31 OCTOBER 1925, Page 43

WASHINGTON IRVING

Washington Irving Esquire. A Critical Biography. By George S. Hellman. (Cape. 16s. net.) Tim influence of suffering upon sensitive natures varies, in accordance with coincidence of character and events, in the production of cynics and men of whimsical ability. Fortunately for the world at large, in the case of Washington Irving it produced one of the second type.

As a child Washington Irving reacted forcibly against the excessively disciplinarian upbringing imposed by his father, William Irving. a Deacon of Covenanters, and a man of such uncompromising nature that he refused to bow to what he should, perhaps, have regarded as a divine judgment, in the untimely death of two children named after himself ; and seems almost to have wearied the Powers themselves, for William Irving the third survived.

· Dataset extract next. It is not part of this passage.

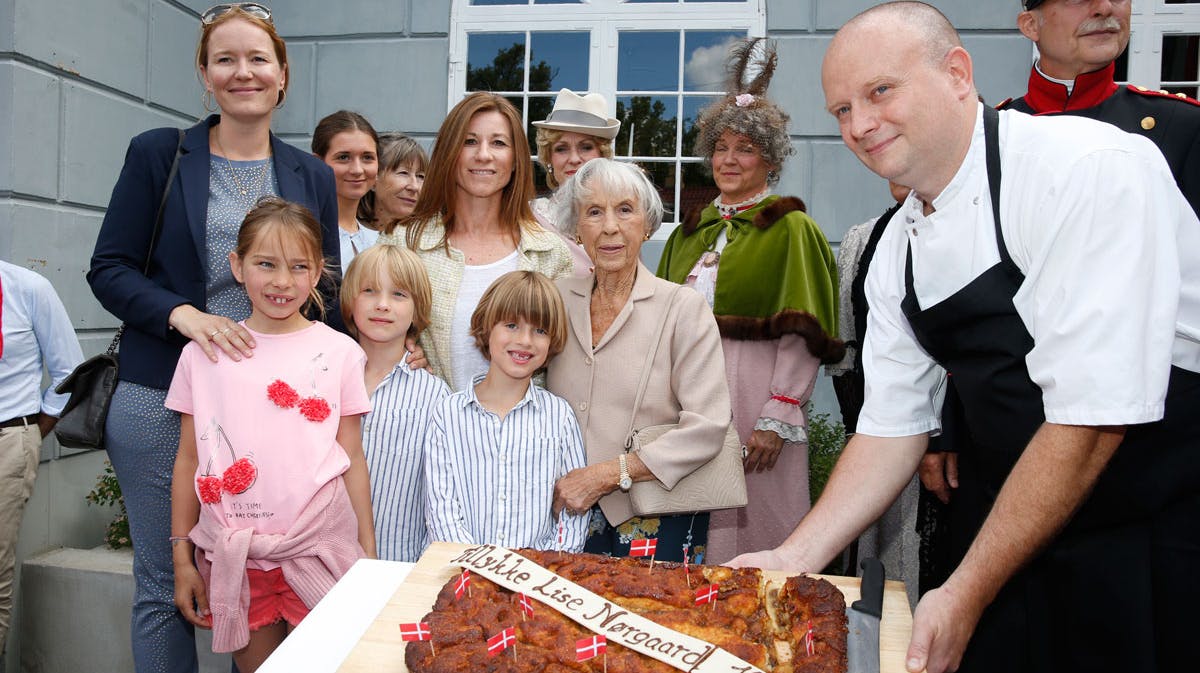 Lise Nørgaard omgivet af familie og skuespillere i Korsbæk på Bakken.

Washington, however, partook more of his mother's gentler nature. He grew up as indolent and pleasure-loving as he was kind and affectionate ; and these characteristics proved at once the greatest obstacles and the greatest contributory factors to his ultimate success.

Early European travels in gay company failed to arouse in this youthful humourist and bon viveur any capacity for or interest in business life. He was at different times lawyer and merchant, yet lacked throughout all interest in money- making. What he earned later by his pen he spent freely, while the very work which brought him material comfort and fame was only wrung from him by necessity. Necessity indeed proved the keynote of his achievement—the need to escape from the ills incurred in following the dictates of nature Yet it was the coincidence of these very woes which made the man. Almost magically he drew profit from poverty and from the restlessness induced by unrequited love ; the former forcing him to work, while the wanderings prompted by the latter brought him in contact with his material. Sorrow sharpened a naturally quick perception and deepened his sympathies ; the kindliness of his nature transmuted his experience to gold.

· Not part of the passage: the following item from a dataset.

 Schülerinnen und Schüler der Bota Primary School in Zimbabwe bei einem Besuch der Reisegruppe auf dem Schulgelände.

It is truly a golden nature that Mr. Hellman depicts. Try as he will here and there to impress upon us the depths of suffering Irving plumbed, he cannot hide from us that quality of instant enjoyment which Irving never lacked, and which is the secret of true happiness. That grief touched him closely cannot be denied. But it could be put aside. A kind word spoken, an hour spent with a child—these and other experi- ences of transient moment abound in his notebooks and letters, and provide the background of his imaginative writings. It is from these writings rather that we must judge the man than from the more scholarly biographies and historical works, undertaken in middle age as an anodyne, when pleasures of court and society palled, and a strain of reflective melancholy displaced his early gaiety.

Mr. Hellman throws much new light upon Irving's restless melancholy in the treatment of his love affairs. He differs from previous biographers in thinking no shame of his hero on this count ; nor does he attempt to foster belief in the myth that Irving remained all his life fast-bound to the memory of his earliest, and perhaps tenderest, affection— that for Matilda Hoffman, whose early death was so great a grief to him. The problem of his restlessness is solved at last. Unrequited love in New York, Dresden, Paris and London with women American, Scotch and English, drove him on, not only to wander, but to work, and developed in him those cosmopolitan tastes and sympathies which made him always the unofficial " ambassador at large from the New World to the Old."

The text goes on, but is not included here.